You are viewing a plain text version of this content. The canonical link for it is here.
Posted to commits@spark.apache.org by gu...@apache.org on 2021/02/24 12:15:48 UTC

[spark] branch branch-3.0 updated: [SPARK-34232][CORE][3.0] Redact SparkListenerEnvironmentUpdate event in log

This is an automated email from the ASF dual-hosted git repository.

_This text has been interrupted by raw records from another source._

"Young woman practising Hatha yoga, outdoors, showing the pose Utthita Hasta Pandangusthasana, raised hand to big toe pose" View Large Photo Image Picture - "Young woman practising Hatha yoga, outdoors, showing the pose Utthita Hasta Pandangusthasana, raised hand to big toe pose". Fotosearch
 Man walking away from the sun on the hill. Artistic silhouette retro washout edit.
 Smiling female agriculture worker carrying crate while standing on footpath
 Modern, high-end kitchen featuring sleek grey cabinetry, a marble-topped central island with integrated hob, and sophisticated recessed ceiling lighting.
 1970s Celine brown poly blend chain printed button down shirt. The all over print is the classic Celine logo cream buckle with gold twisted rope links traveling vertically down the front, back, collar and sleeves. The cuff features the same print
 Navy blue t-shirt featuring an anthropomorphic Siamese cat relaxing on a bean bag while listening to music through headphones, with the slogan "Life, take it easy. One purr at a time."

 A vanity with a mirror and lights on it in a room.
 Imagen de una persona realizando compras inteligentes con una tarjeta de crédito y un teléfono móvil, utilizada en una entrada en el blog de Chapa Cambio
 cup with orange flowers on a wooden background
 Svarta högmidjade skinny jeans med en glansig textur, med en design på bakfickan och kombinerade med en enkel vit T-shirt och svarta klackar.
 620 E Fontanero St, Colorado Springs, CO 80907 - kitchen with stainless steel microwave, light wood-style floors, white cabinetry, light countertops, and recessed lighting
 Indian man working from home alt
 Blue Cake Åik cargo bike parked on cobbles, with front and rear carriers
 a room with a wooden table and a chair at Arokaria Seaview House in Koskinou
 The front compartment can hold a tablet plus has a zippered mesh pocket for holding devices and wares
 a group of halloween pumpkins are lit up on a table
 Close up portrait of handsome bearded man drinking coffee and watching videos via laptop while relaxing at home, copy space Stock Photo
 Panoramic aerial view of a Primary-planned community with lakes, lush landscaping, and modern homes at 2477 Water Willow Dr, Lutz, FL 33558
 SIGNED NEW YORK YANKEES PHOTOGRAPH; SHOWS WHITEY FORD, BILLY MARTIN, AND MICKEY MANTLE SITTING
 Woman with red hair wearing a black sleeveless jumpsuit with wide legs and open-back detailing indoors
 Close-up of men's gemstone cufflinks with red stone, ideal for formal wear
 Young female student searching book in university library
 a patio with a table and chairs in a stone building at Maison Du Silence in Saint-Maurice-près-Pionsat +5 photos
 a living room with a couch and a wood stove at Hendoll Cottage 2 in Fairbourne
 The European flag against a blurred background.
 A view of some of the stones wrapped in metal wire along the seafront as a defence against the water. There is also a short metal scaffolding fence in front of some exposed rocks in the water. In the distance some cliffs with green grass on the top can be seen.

gurwls223 pushed a commit to branch branch-3.0
in repository https://gitbox.apache.org/repos/asf/spark.git


The following commit(s) were added to refs/heads/branch-3.0 by this push:
     new 46d788f  [SPARK-34232][CORE][3.0] Redact SparkListenerEnvironmentUpdate event in log
46d788f is described below

commit 46d788fee200ade6a3cfcbde5a5cf9dfcafbae6e
Author: Liang-Chi Hsieh <vi...@gmail.com>
AuthorDate: Wed Feb 24 21:15:20 2021 +0900

    [SPARK-34232][CORE][3.0] Redact SparkListenerEnvironmentUpdate event in log
    
    ### What changes were proposed in this pull request?
    
    Redact event SparkListenerEnvironmentUpdate in log when its processing time exceeded logSlowEventThreshold.
    
    This is the backport of #31335 to branch-3.0.
    
    ### Why are the changes needed?
    
    Credentials could be exposed when its processing time exceeded logSlowEventThreshold.
    
    As this is related to security issue, it is better to backport it.
    
    ### Does this PR introduce _any_ user-facing change?
    
    No
    
    ### How was this patch tested?
    
    Manually tested in original PR.
    
    Closes #31634 from viirya/SPARK-34232-3.0.
    
    Authored-by: Liang-Chi Hsieh <vi...@gmail.com>
    Signed-off-by: HyukjinKwon <gu...@apache.org>
---
 .../apache/spark/scheduler/EventLoggingListener.scala    | 16 ++++++++--------
 .../main/scala/org/apache/spark/util/ListenerBus.scala   | 12 +++++++++++-
 .../spark/scheduler/EventLoggingListenerSuite.scala      |  4 ++--
 3 files changed, 21 insertions(+), 11 deletions(-)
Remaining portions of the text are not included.